Why are our “elite institutions” happy to carry Beijing’s water? Universities can continue to collect full tuition from their students while essentially outsourcing instruction in Chinese. In other words, it’s free money for the schools. At most Confucius-hosting campuses, students can receive course credit for classes completed at the institute.

Each Confucius Institute comes with $100,000 in start up costs provided by Hanban, with annual payments of about $100,000 over a five-year period, and instruction subsidized as well, including the air fares and salaries of the teachers provided from China. And each Confucius Institute typically partners with a Chinese university.

Hanban supplies the content – Mandarin teachers, textbooks, course software and other educational materials, which come with Beijing’s particular spin. They’re explicitly instructed to toe Beijing’s line on controversial political questions. There can be no discussion whatsoever of human rights in China, or the Tienanmen Square massacre. Should a student raise an uncomfortable question about, say, the political status of Tibet, Hanban’s instructors are ordered to refocus the discussion on Tibet’s natural beauty or indigenous cultural practices (which, ironically, Beijing has spent decades stamping out).

Think about that for a minute. Universities, who are supposed to be in the business of creating educational content and shaping how their students think, outsource that to the People’s Republic of China for cash. It underscores modern Western universities are pale imitations of the historic institutions whose names they carry. Essentially they are brand names issuing credentials, and no longer institutes of educational excellence.

Incredibly, Confucius Institute teachers are appointed by Hanban. They “must have a strong sense of mission, glory, and responsibility and be conscientious and meticulous in their work,” Hanban says. They also must toe the line.

Consider the case of Sonia Zhao, who did not. Zhao, a Chinese national, was sent by Hanban to McMaster University in Hamilton, Ontario, in 2011 to work at its Confucius Institute. She’s a practitioner of Falun Gong, the Buddhist-tinged spiritual movement that Beijing despises as a threat to its authority. Zhao quit a year into her tenure, arguing that McMaster University was “giving legitimization to discrimination.”

That’s because, in order to secure her employment with Hanban, Zhao said she was forced to disguise her fealty to Falun Gong. Her employment contract with Hanban explicitly stated that she was “not allowed to join illegal organizations such as Falun Gong.”This kind of open religious discrimination is illegal in Canada, as it would be in the United States. Under intense pressure, McMaster reluctantly shuttered its Confucius Institute in 2013, citing the institute’s “hiring practices.” Today, I bet McMaster’s administration would not have buckled.

As we showed in our last chapter, modern universities are a ponzi scheme desperately recruiting ever more marginal students who stand little chance of graduating to fuel the growth of a bureaucracy that investigates the wildly exaggerated claims of the grievance industry of homosexuality, racism, and sexism. (If you think that’s unfair, read about the nonsense that is “mirco-aggressions.”)
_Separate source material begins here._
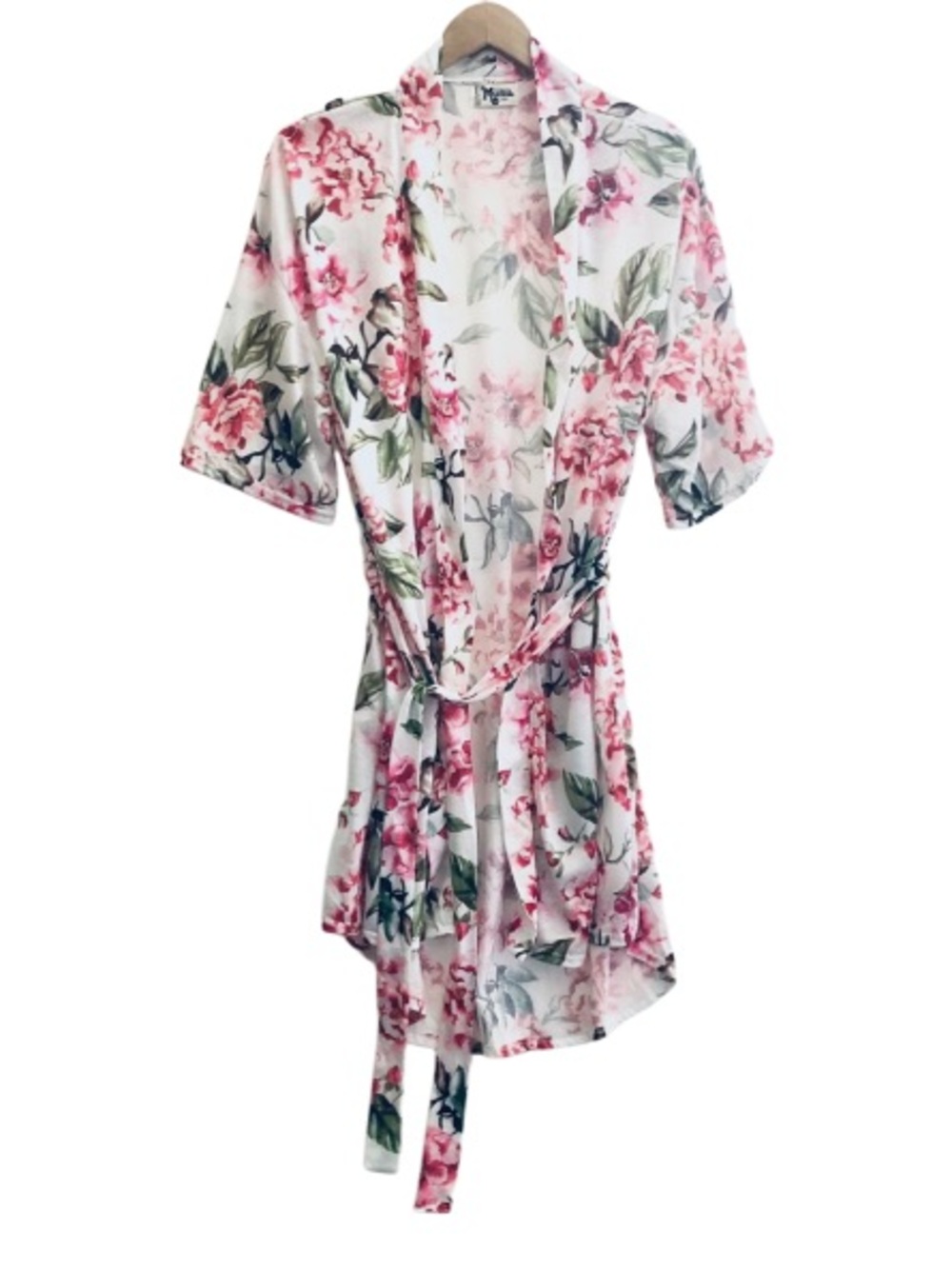Show Me Your MuMu Floral White Pink Green Kimono Robe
Administrative positions at colleges and universities grew at ten times the rate of tenured faculty positions since 1993.
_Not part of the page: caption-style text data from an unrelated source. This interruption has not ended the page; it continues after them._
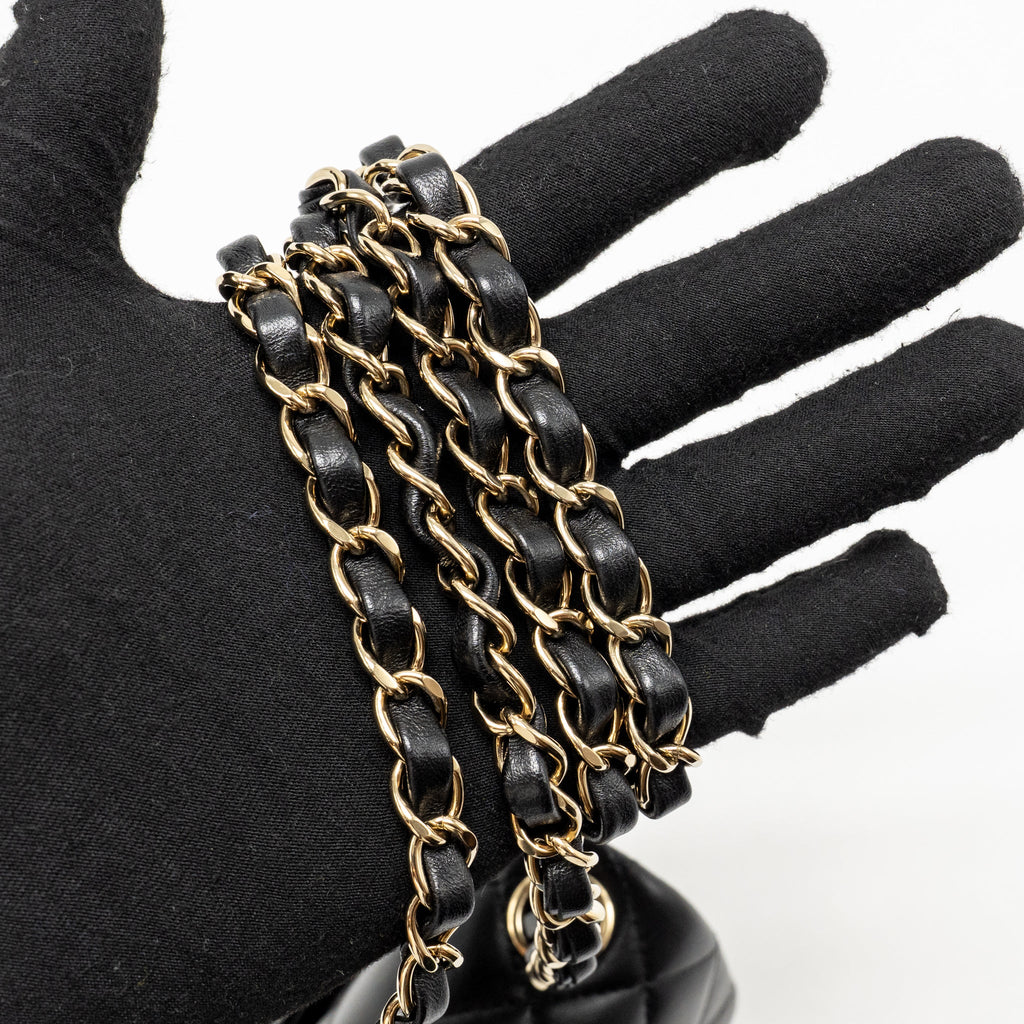 CHANEL MINI SQUARE FLAP BAG LAMBSKIN BLACK LGHW (MICROCHIP)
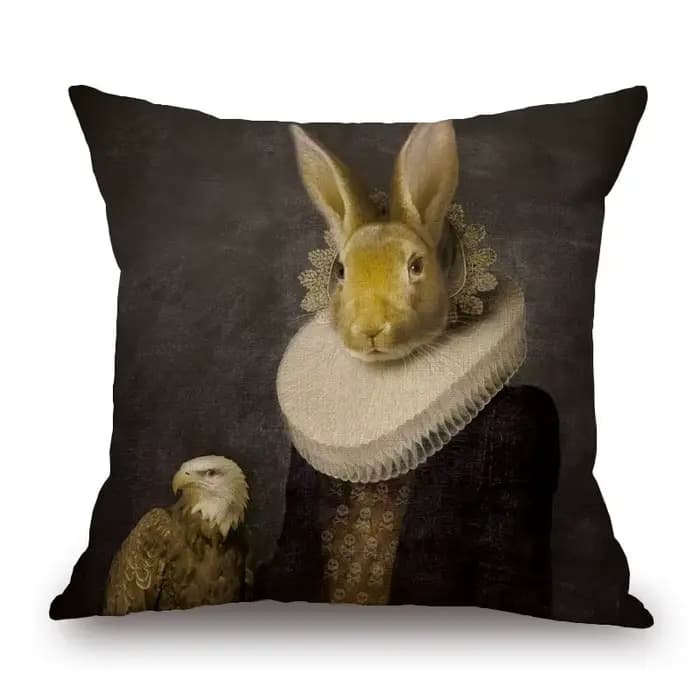 Housse de coussin en forme de mouton, lapin, chien, décor, joli affiche d'animaux, taie d'oreiller Beige, décoration de canapé pour la maison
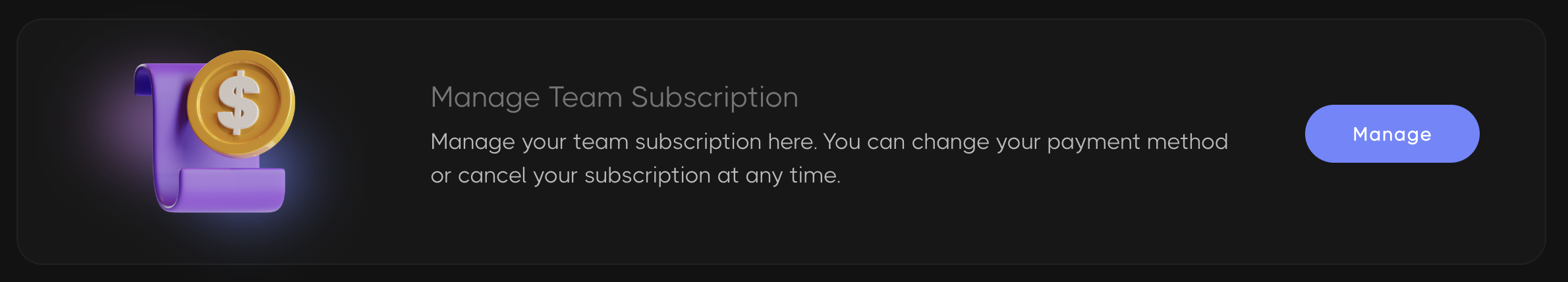 Manage Team Plan Subscription screenshot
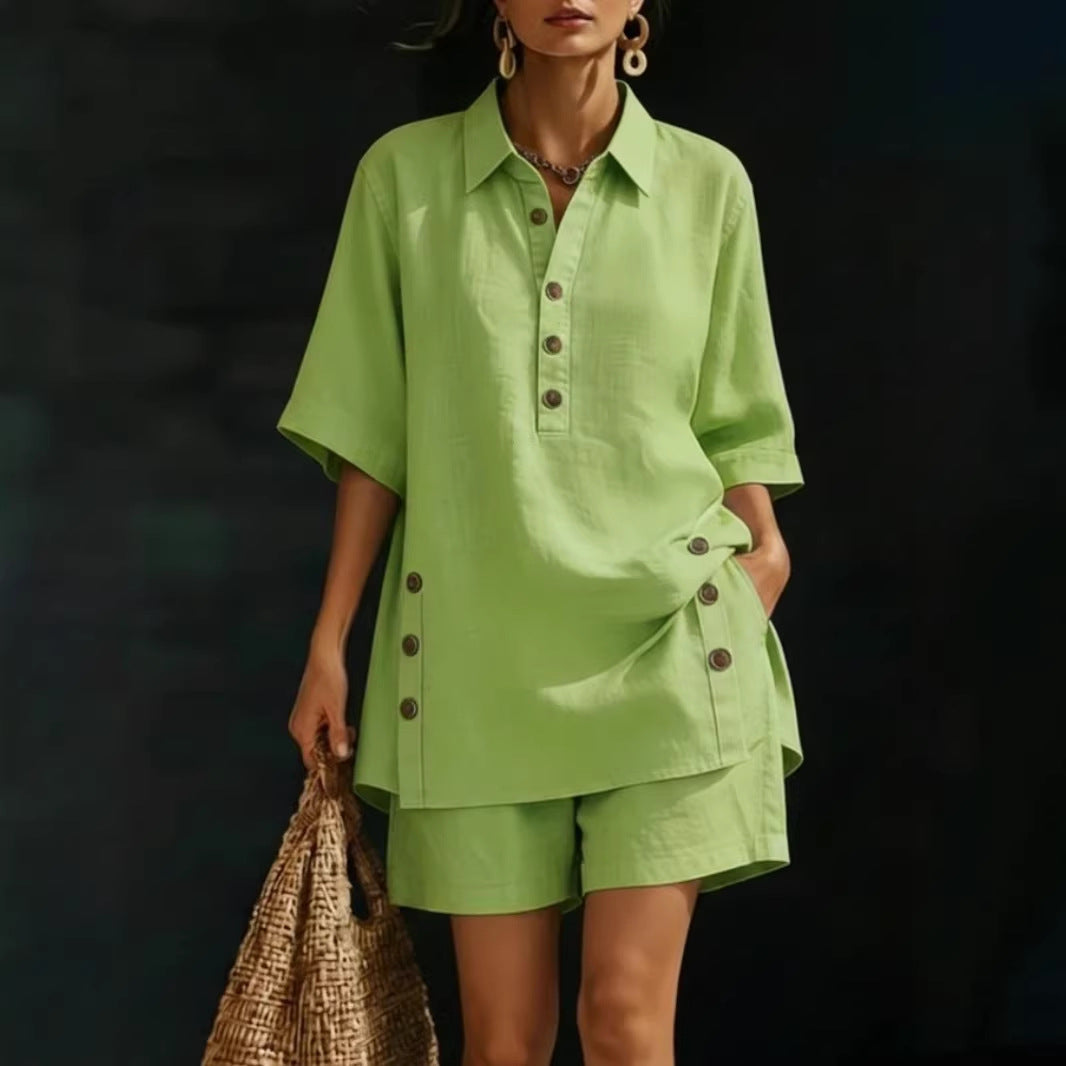 Womens Short-Sleeve Shirt And Loose Pants Two-Piece Set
What does China get for its money?

Confucius Institute staff act as spies for the Chinese government on the activities of Chinese students on campus. Chinese students often say they’re disappointed to arrive at a foreign university only to discover that their own government has established a presence on campus that made it feel as though they were still under the kind of surveillance that they had to live with in China.
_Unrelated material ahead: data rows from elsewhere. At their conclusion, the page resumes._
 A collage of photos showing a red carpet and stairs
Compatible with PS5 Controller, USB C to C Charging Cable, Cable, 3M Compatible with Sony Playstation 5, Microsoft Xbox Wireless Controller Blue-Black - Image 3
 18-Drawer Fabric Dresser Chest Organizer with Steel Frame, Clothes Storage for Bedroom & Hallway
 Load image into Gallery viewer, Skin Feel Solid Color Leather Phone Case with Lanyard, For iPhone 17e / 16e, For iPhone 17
Then keep in mind that as we pointed out in chapter 3, China uses its students abroad to steal research from universities. Confucius Institutes give China an official presence on campuses to hide its intelligence officials who direct this spying. Canada’s former Asia-Pacific intelligence chief Michael Juneau-Katsuya claims that Confucius Institutes are linked to China’s intelligence services and “represent a clear and undeniable menace to our society.”

The centers have also led to a climate of self-censorship on campuses that play host to them.

Take the debate at the “august” London School of Economics over whether to adjust the depiction of Taiwan on a sculpture, after complaints from Chinese students. The World Turned Upside Down statue, which was unveiled outside LSE’s student activity center, is a “large political globe” where the geographical locations of nation states have been inverted to show the world “from a different viewpoint.” On the map, Taiwan is colored pink while China is colored yellow.  

After more than three months of suspense, LSE caved, and added an asterisk next to Taiwan. The school then placed a sign below the globe which directly addressed the issue by saying, "There are many disputed borders and the artist has indicated some of these with an asterisk."

Examples abound of universities withdrawing invitations to controversial speakers under pressure from China or removing certain publications.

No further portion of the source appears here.